I accidentally started a bash script with $!
instead of #!
and got some very weird behavior. I'm trying to figure out what happened.
If you try this script:
$!/bin/bash
echo Hello world!
you will get the following behavior:
$ chmod +x hello
$ ./hello
[nothing happens, get prompt back]
$ exit
exit
Hello world!
$
So it looks like this happened:
What's up? How is anything at all happening? Without #!
, how does the shell know to use bash
to interpret the script?
Obviously this is a "satisfy my curiosity" rather than "solve my problem" question. Googling does not yield much, probably because #!
and $!
in queries don't make the Google-bot happy.

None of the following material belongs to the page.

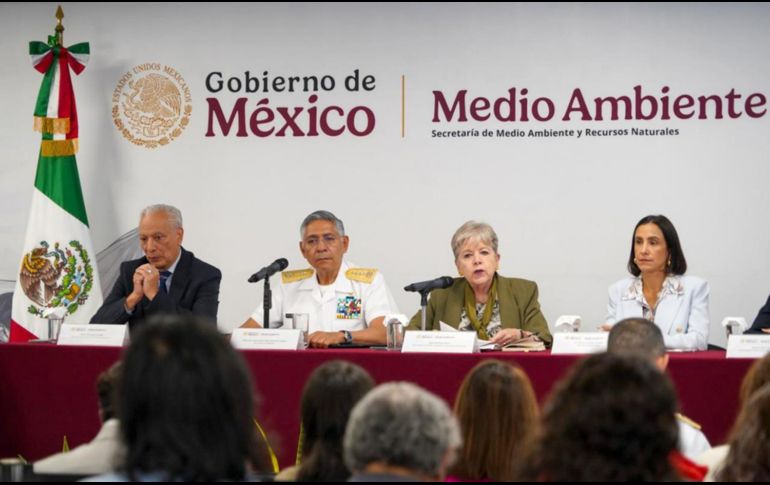 La Secretaria de Medio Ambiente y Recursos Naturales, Alicia Bárcena (2-d), el secretario de Marina, Raymundo Pedro Morales (2-i), el director de Pemex, Víctor Rodríguez (i) y la Secretaria de Energía, Luz Elena González (d), hablan durante una rueda de prensa este jueves. EFE/Medio Ambiente y Recursos Naturales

$something is a parameter ("variable") expansion, but $!
in particular returns a value that isn't set in your script, so it expands as a zero length string.

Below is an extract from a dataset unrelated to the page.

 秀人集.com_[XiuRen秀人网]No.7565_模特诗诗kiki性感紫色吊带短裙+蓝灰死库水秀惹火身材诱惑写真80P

Therefore your script is, you are correct, the equivalent of:
/bin/bash
echo Hello world!
The shebang magic number is an old feature of Unix, but the shell is even older. A text file with the execute bit set that the kernel cannot exec (because it's not actually compiled) is executed by a subshell. That is, the shell deliberately runs another shell and passes the pathname as the parameter. This is how commands written as shell scripts were executed before shebang was invented, and it's still there in the code.
dollar-bang gets the PID of the last backgrounded process.